A ball lens has an extremely short focal length, meaning that this same property which allowed Antonie van Leeuwenhoek to use them in his microscopes is ideal for LED focusing in a small space at the end of a fiber. Chromatic aberrations are of no consequence for light of a single wavelength. It seems that the glass balls are uniformly spherical enough to do the job. Fitted with the LED and fiber termination in a 3D-printed block, the relative position of the ball can be controlled for optimum light transfer. It’s a relatively simple hack mentioned in passing in a Twitter thread, but we like it because of its cheapness and also for an insight into the world of optical fiber termination.

Curious to know more about optical fibers? We covered just the video for you back in 2011.

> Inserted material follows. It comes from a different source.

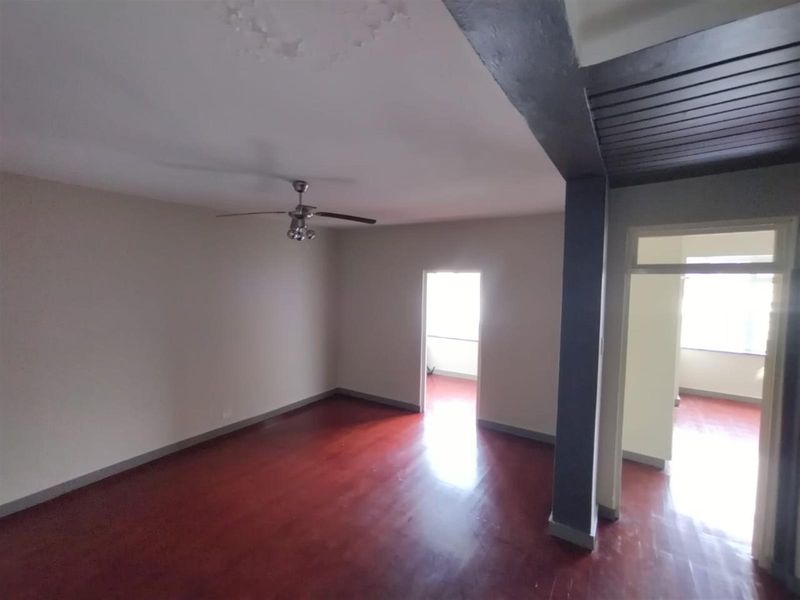 Spacious, empty living area featuring polished hardwood flooring, a ceiling fan, and decorative ceiling detailing, offering a blank canvas for personalization.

16 thoughts on “A Ball Lens For Optical Fiber Coupling On The Cheap

  1. Another good source pf a ball lems is the little ball that seals fountain pen ink cartridges. They are often glass and much rounder than silica gel balls, all be it less common these days. They make pretty good microscopes. The original glass bead microscopes were often made by sandwiching aa small ball of glass between two sheets of metal, but you had to contend with the extremely short focal length, as the price to pay for extremely high magnification.

  2. For anyone wondering, the difference in price getting a precision lens versus a “it works for this” lens. The “$31 spherical lens” are far closer to being perfect spheres and their optical qualities (e.g. wavelength) are exacting. For this application, you just need something close to a sphere that will allow enough of the wavelength used to pass through.

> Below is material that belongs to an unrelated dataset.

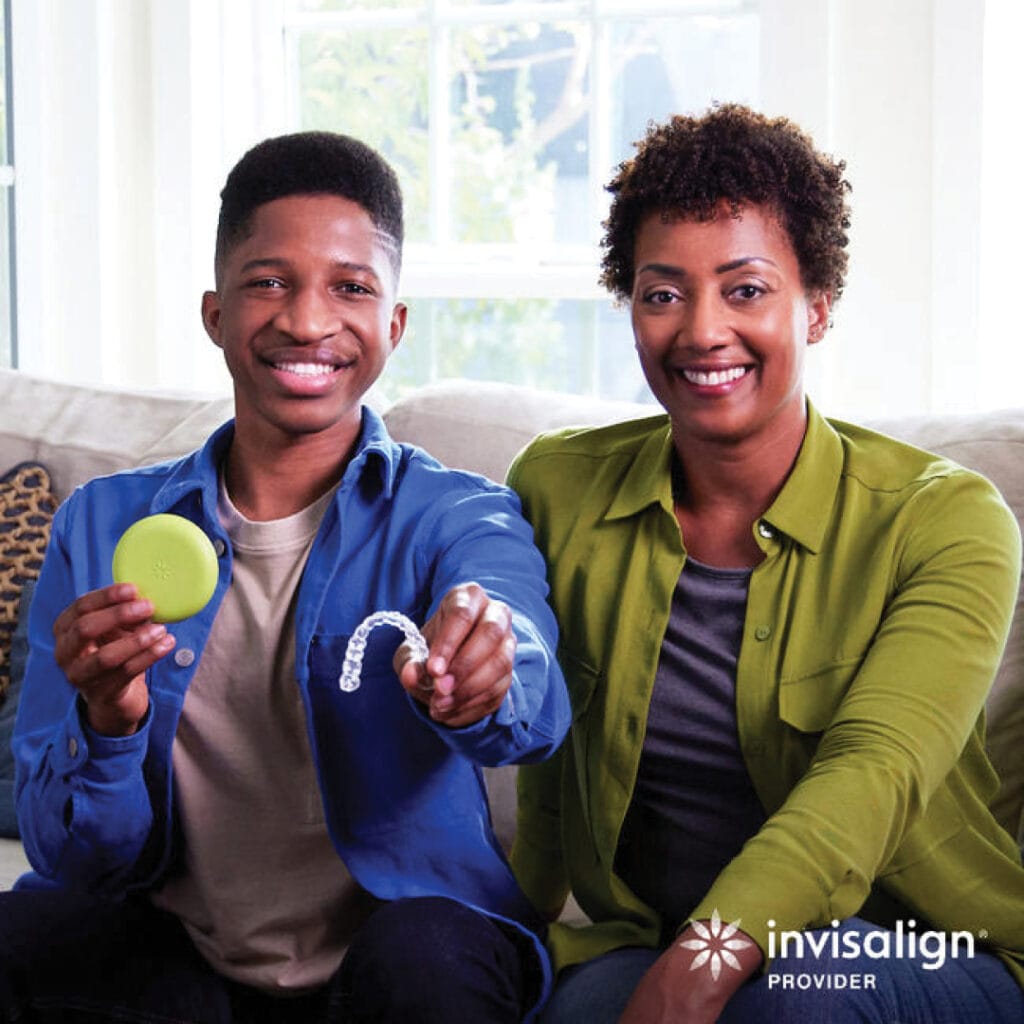 Two people smiling on a couch, one holding an Invisalign case and aligner, embodying the future of image orthodontics. The Invisalign Provider logo is clearly visible, highlighting the innovative shift from traditional braces to modern solutions delivered by expert orthodontists.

    If you work in a laser lab then you are going to stick to the expensive optics because having an lens melt or explode can ruin other equipment and hurt people.

  3. Ball lenses [1] (not to be confused with Spherical Lenses [2] which have spherically ground surfaces but are typically not spherically shaped overall) have a uniform refractive index. Reference [1] shows the general equations for a ball lens in addition to the special case of using a ball lens for laser to fiber coupling. A ball lens with a gradient refractive index is called a Lüneburg lens [3] which has interesting uses but is typically difficult (hence costly) to manufacture.

    1. Understanding Ball Lenses w/Laser to Fiber Coupling

    https://www.edmundoptics.com/knowledge-center/application-notes/optics/understanding-ball-lenses/

    2. Spherical Lenses

    https://physics.info/lenses/

    3. Lüneburg Lens

    https://en.wikipedia.org/wiki/Luneburg_lens

  4. Isn’t the top of a through hole LED already a half-sphere lense? Is the final length too short? Or is the manufacturing just not right enough for this purpose? Or do you need that front face for the retraction to go the right direction?